:: TASK ::
All of the lines below are to be transcribed faithfully, with pictures excluded from the copy.

□ □ □ □ □ □ □

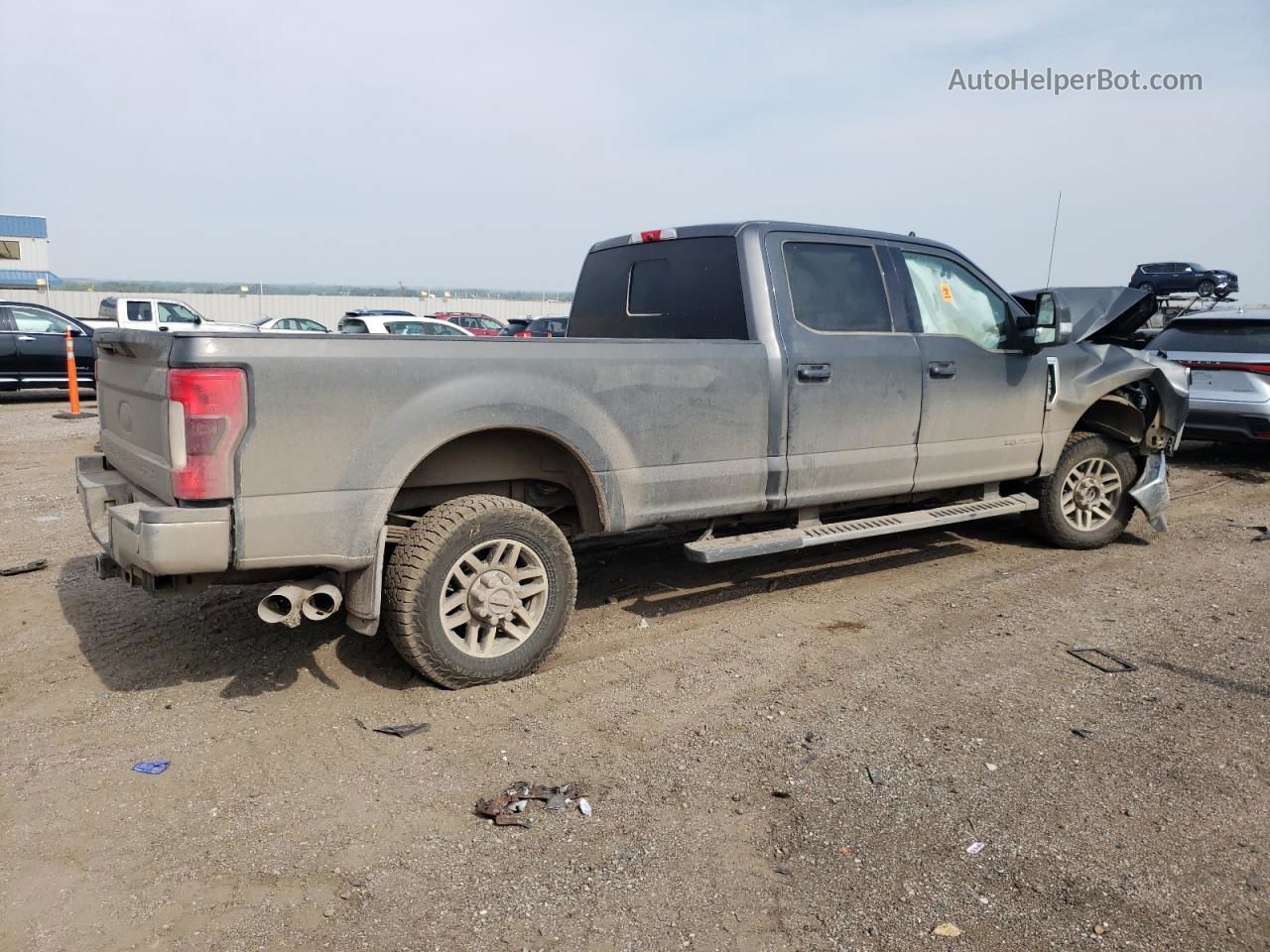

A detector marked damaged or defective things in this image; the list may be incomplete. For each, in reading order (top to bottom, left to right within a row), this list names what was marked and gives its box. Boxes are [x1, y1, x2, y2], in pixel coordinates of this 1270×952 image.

damaged car [79, 220, 1189, 690]
crumpled hood [1010, 287, 1163, 347]
damaged front end [1010, 287, 1189, 533]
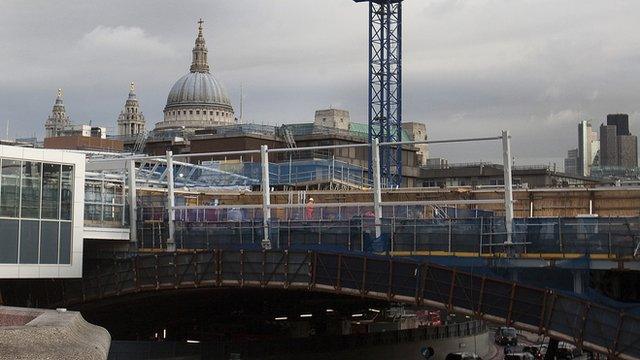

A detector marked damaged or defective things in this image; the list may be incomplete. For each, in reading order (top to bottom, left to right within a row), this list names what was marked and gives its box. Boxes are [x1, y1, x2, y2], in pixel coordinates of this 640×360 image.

rusty metal surface [41, 250, 640, 360]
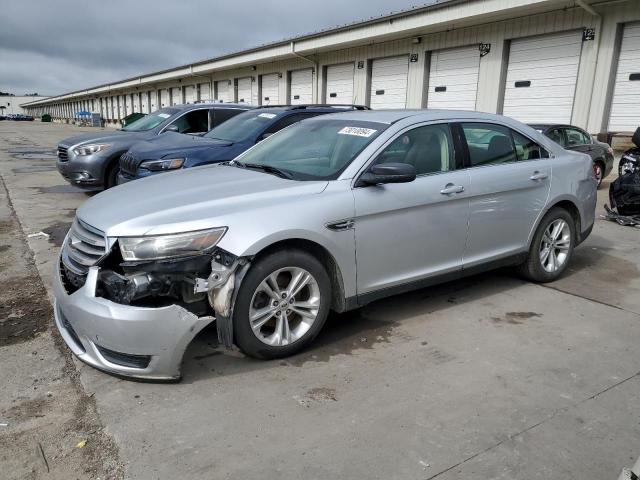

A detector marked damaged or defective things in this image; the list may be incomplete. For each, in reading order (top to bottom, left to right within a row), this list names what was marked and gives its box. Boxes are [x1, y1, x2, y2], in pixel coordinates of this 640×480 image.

damaged front bumper [52, 260, 212, 380]
crushed front end [54, 217, 245, 378]
crack in pavement [424, 370, 640, 478]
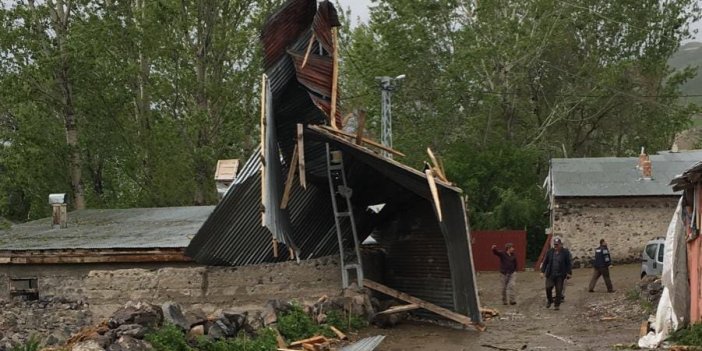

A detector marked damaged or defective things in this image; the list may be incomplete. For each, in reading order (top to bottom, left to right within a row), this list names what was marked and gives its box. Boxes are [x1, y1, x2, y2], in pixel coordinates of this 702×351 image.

rusty metal roof panel [0, 206, 214, 253]
broken wooden board [364, 280, 484, 332]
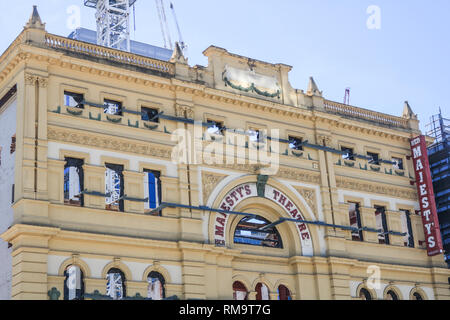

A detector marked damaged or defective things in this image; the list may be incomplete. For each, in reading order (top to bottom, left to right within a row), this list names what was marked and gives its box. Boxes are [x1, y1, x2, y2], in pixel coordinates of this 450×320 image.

broken window pane [63, 91, 84, 109]
broken window pane [103, 100, 122, 116]
broken window pane [63, 158, 84, 208]
broken window pane [106, 164, 124, 211]
broken window pane [143, 170, 161, 215]
broken window pane [234, 216, 284, 249]
broken window pane [63, 264, 84, 300]
broken window pane [106, 268, 125, 302]
broken window pane [148, 272, 165, 300]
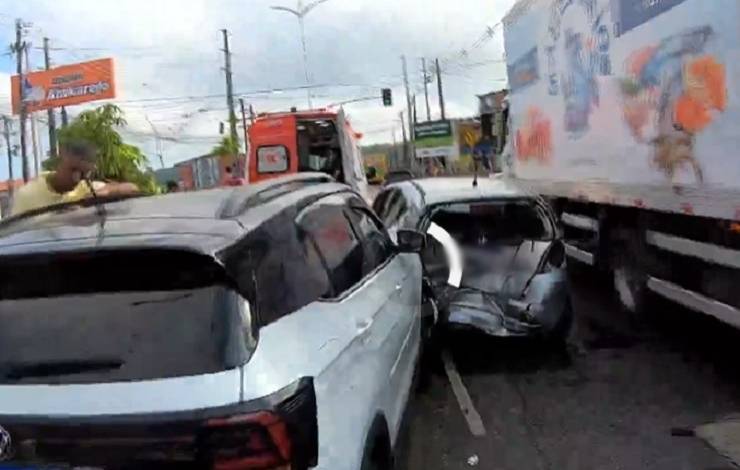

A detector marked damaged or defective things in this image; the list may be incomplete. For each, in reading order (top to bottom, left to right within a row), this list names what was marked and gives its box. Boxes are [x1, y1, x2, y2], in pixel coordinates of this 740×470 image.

damaged car [376, 176, 572, 342]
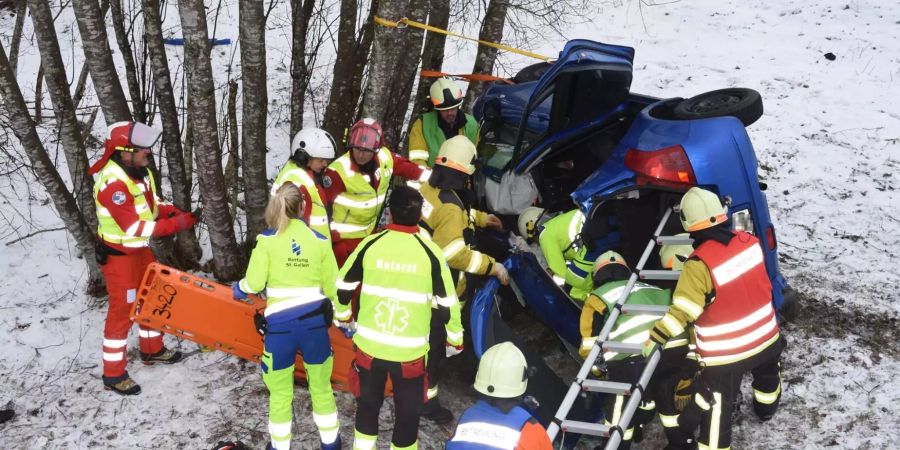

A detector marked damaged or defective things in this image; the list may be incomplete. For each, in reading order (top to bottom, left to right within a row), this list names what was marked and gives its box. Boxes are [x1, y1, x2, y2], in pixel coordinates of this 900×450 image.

crashed blue car [468, 40, 800, 428]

□ □ □ □ □ □ □

:: TASK RESPONSE ::
A detector marked damaged or defective things in this image; the list may be incomplete. For each, in reading order (top to bottom, left to right within a row), this list names what was marked and gives its box. Boxes are [x1, y1, x2, y2], in pixel coordinates of this 1270×952 image.

damaged car [79, 220, 1189, 690]
crumpled hood [1010, 287, 1163, 347]
damaged front end [1010, 287, 1189, 533]

A detector marked damaged or defective things in this image; the list may be incomplete. For each, in reading order (top to bottom, left to right within a row), this list names what was marked and gives its box. Boxes are [x1, y1, x2, y2], in pixel coordinates of this 640×360 image.

rusty metal surface [41, 250, 640, 360]

A detector marked damaged or defective things in this image; the list may be incomplete. For each, in reading order (top to bottom, left to right within a row), this list names what was marked and gives its box. Boxes are [x1, y1, x2, y2], in pixel coordinates of this 640×480 image.

damaged front bumper [52, 260, 212, 380]
crushed front end [54, 217, 245, 378]
crack in pavement [424, 370, 640, 478]

A detector marked damaged or defective things in this image; the list may be incomplete. For each, in reading order (top to bottom, left to right within a row), this list names what was marked and gives its box. Boxes are [x1, y1, x2, y2], in pixel coordinates of this 702×351 image.

rusty metal roof panel [0, 206, 214, 253]
broken wooden board [364, 280, 484, 332]

A detector marked damaged or defective things in this image; the list may be incomplete. For each, in reading order (top to bottom, left to right within a row), this list names what was marked and gives its box. Boxes are [x1, y1, x2, y2], in pixel coordinates of this 450×320 image.

broken window pane [63, 91, 84, 109]
broken window pane [103, 100, 122, 116]
broken window pane [63, 158, 84, 208]
broken window pane [106, 164, 124, 211]
broken window pane [143, 170, 161, 215]
broken window pane [234, 216, 284, 249]
broken window pane [63, 264, 84, 300]
broken window pane [106, 268, 125, 302]
broken window pane [148, 272, 165, 300]

A detector marked damaged or defective things in this image; the list may be incomplete. For each, in reading order (top to bottom, left to right within a row), this list names what was marked and gives its box. Boxes are [x1, y1, x2, y2], in pixel coordinates of this 740×470 image.

damaged car [376, 176, 572, 342]

A detector marked damaged or defective things in this image; the list may be incomplete. For each, in reading order (top to bottom, left to right within a row), this list names what was marked and gives its box. Boxes are [x1, y1, x2, y2], in pixel coordinates of this 900×450 image.

crashed blue car [468, 40, 800, 428]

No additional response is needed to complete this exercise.